『牟田口廉也 「愚将」はいかにして生み出されたのか』(広中一成著、星海社新書=136)
牟田口の基本スペックは高い。それは、恐らく軍務官僚としてである。だが、軍内の政治バランスにより、現場に投入された。彼の軍人としての世界観は、武士道の「葉隠」であり、それに基づく「熊幼精神」であった。精神は大事だけど、精神でどんな困難も乗り越えられる、的な。現場で精神主義が全てに優先したら悲惨である。これへの反省こそが戦後日本の復興を下支えしたのだが、近年のブラック企業問題を見ると変にぶり返しているようだ。というのはともかく。
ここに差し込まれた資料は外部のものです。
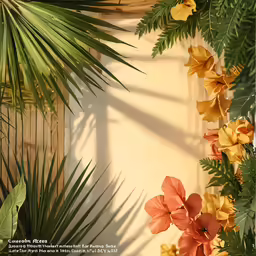 a palm tree with colorful flowers on a tan wall
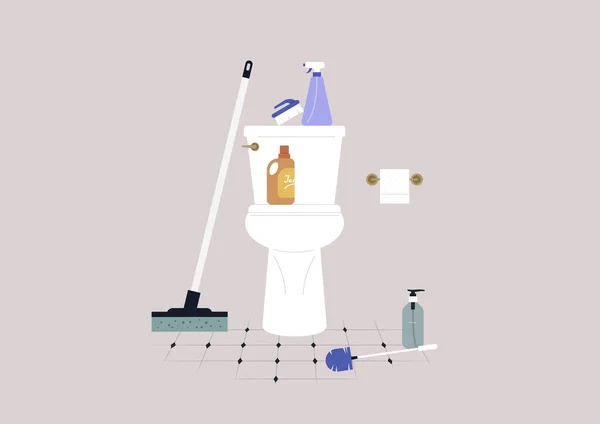 Sprzątanie Łazienki Zabytkowej Toalety Detergentów Chemicznych Szczotek Mopów — Wektor stockowy
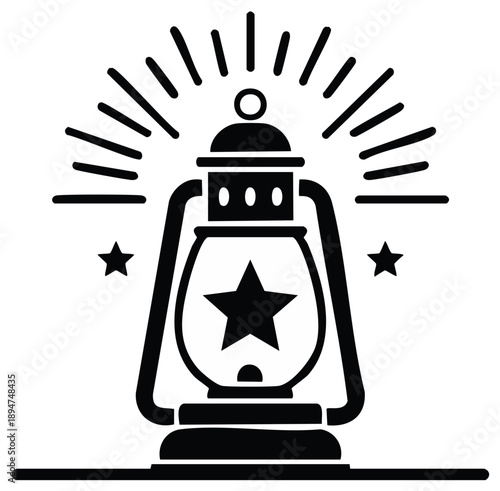 Wallpaper Mural Decorative gas lantern illustration shining bright with star emblem, vector in black and white Torontodigital.ca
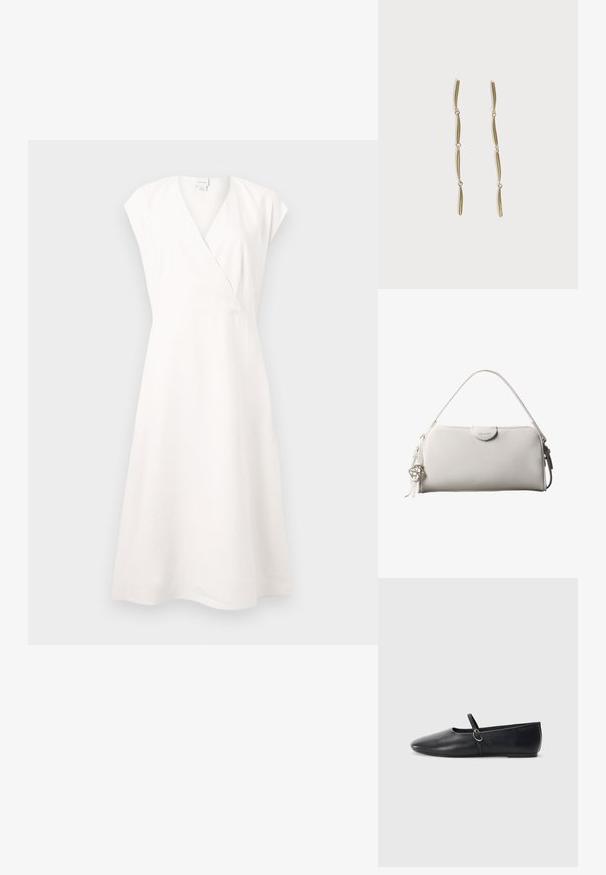 Robe midi blanche sans manches avec encolure en V, devant croisé et jupe trapèze, présentée sur un fond uni gris clair.; Ballerines noires en cuir avec un bout pointu, une semelle plate et une petite sangle avec un détail de boucle en argent.; Sac à main rectangulaire blanc Calvin Klein avec une seule poignée, design minimaliste et pampilles décoratives avec un charm métallique géométrique sur le côté.; Longues boucles d'oreilles en or composées de quatre barres incurvées allongées reliées entre elles sur fond blanc.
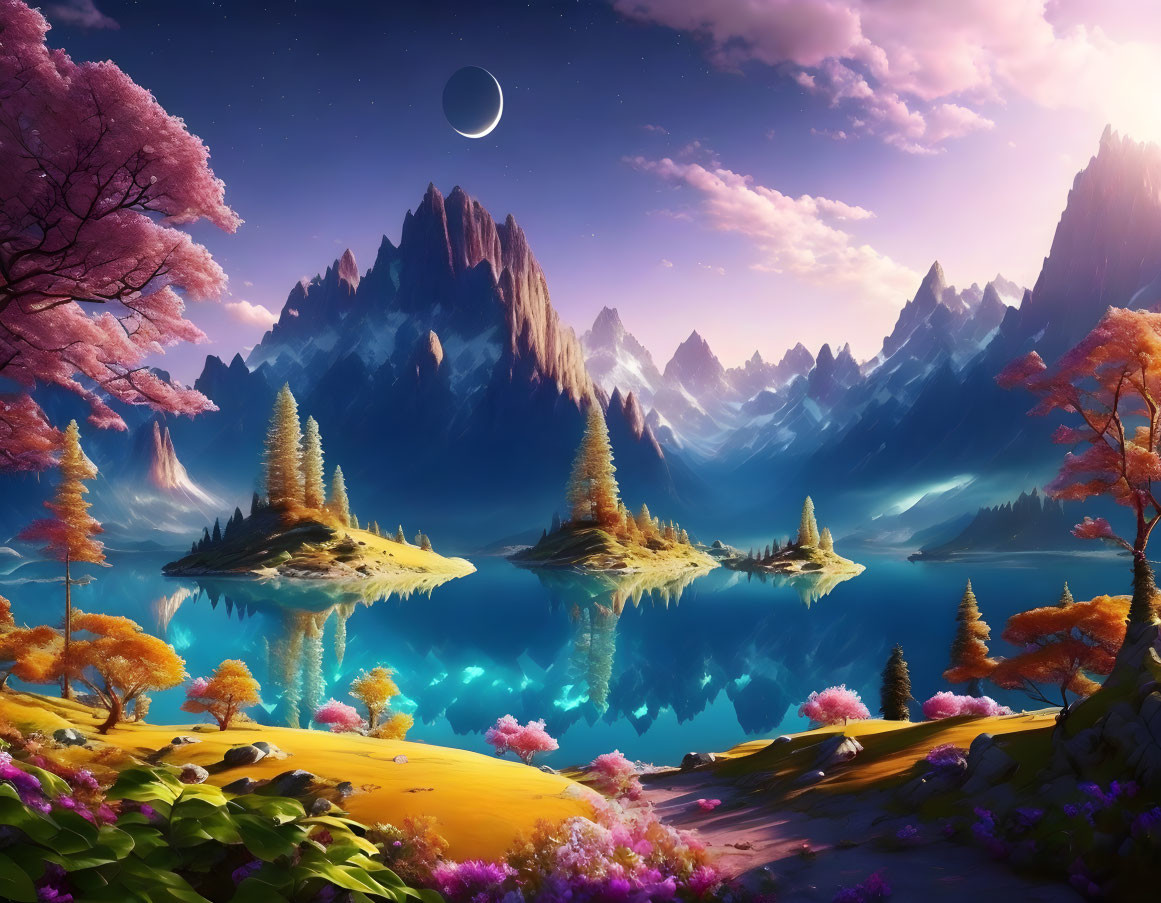 Colorful Fantasy Landscape with Pink Trees, Mountains, Lake, Moon, and Foliage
牟田口を「愚将」たらしめたのは、牟田口の資質だけではない。山本七平の言う「空気」「忖度」も重要な要素であった。インパール作戦に反対する人のほうが実は多かった。だが、上官河辺は牟田口の情熱にほだされたし、世界史に詳しい知人は「東條がインドのチャンドラ・ボースの演説に感激し、インパールに最終的に加担した」という東條のロマンティシズムを挙げたし。要は、日本の情に流されるシステム、人間関係に左右される組織の人事が牟田口を「愚将」にしてしまったのだ。